== Data ==

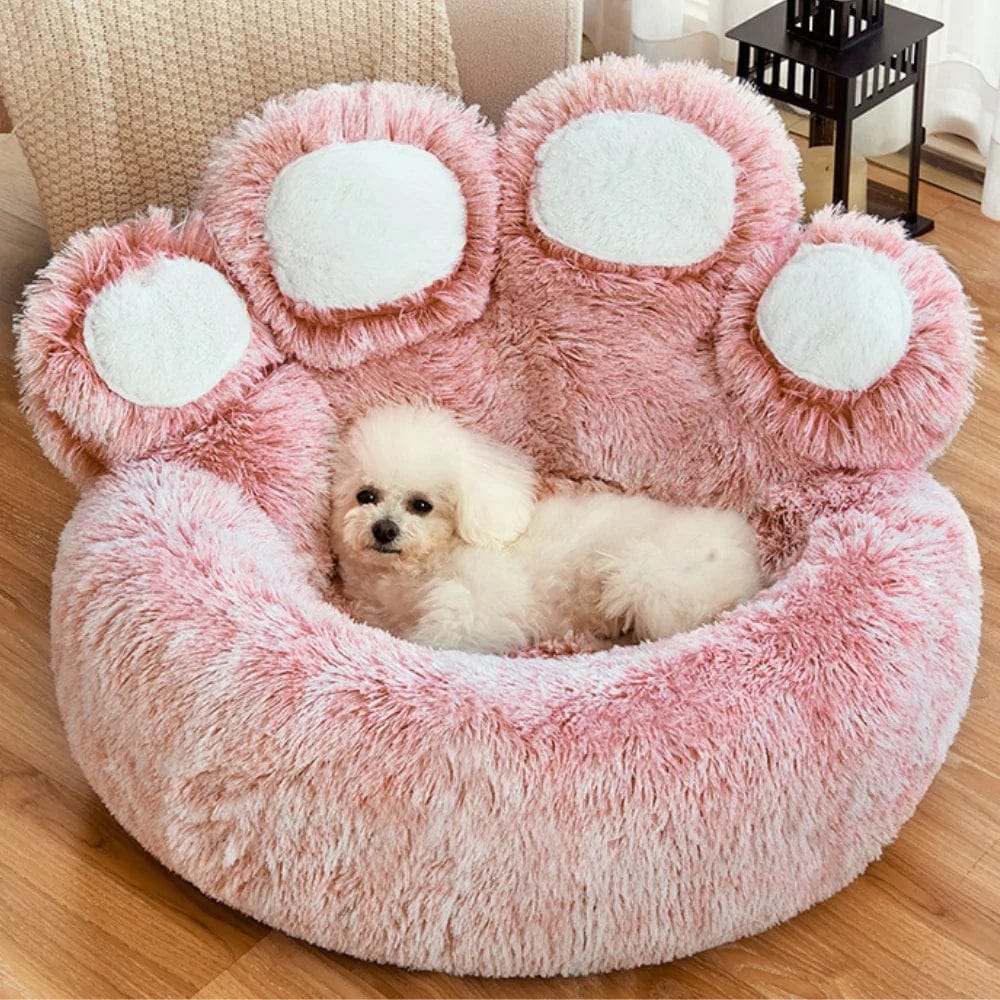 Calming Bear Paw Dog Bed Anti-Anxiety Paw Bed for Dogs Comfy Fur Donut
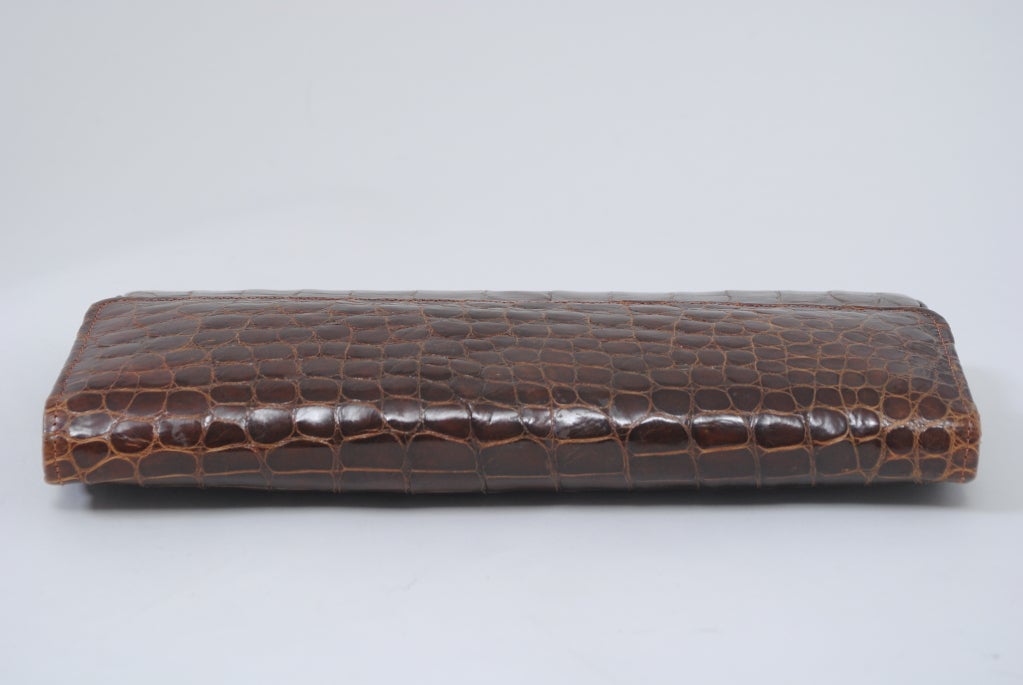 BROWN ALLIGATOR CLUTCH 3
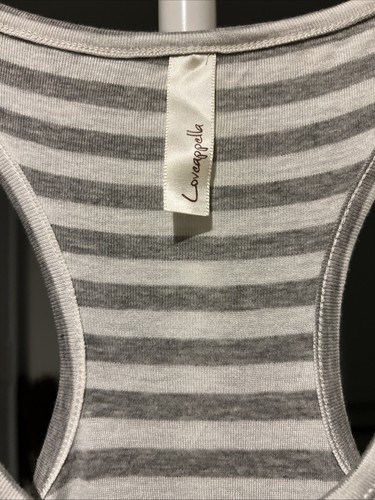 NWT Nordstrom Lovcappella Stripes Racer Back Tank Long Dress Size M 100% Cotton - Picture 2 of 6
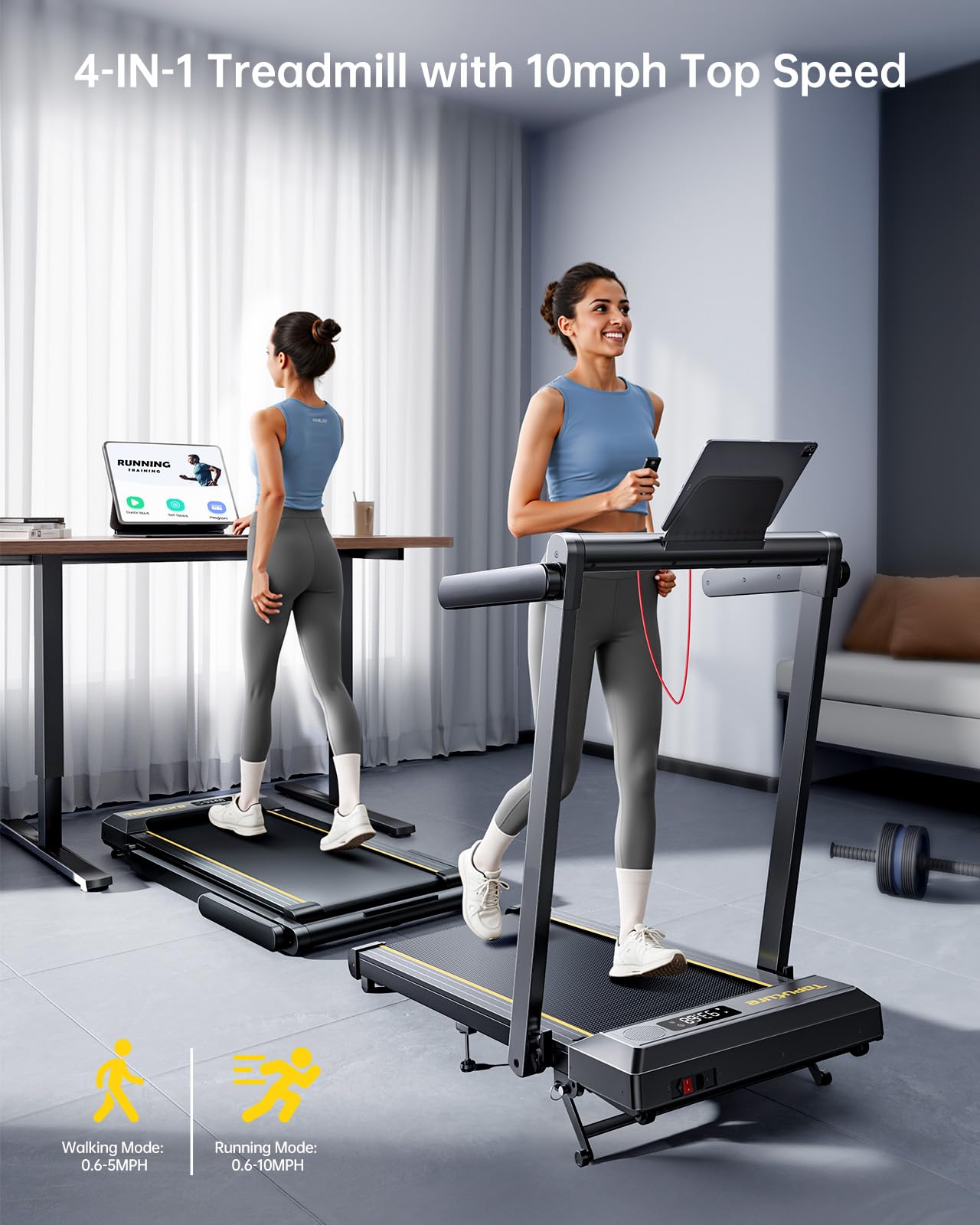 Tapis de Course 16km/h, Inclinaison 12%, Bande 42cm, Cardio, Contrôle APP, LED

===

* Work to complete:
Could you write out the whole listing exactly, dropping the pictures?

* Your response:
 Calming Bear Paw Dog Bed Anti-Anxiety Paw Bed for Dogs Comfy Fur Donut
 BROWN ALLIGATOR CLUTCH 3
 NWT Nordstrom Lovcappella Stripes Racer Back Tank Long Dress Size M 100% Cotton - Picture 2 of 6
 Tapis de Course 16km/h, Inclinaison 12%, Bande 42cm, Cardio, Contrôle APP, LED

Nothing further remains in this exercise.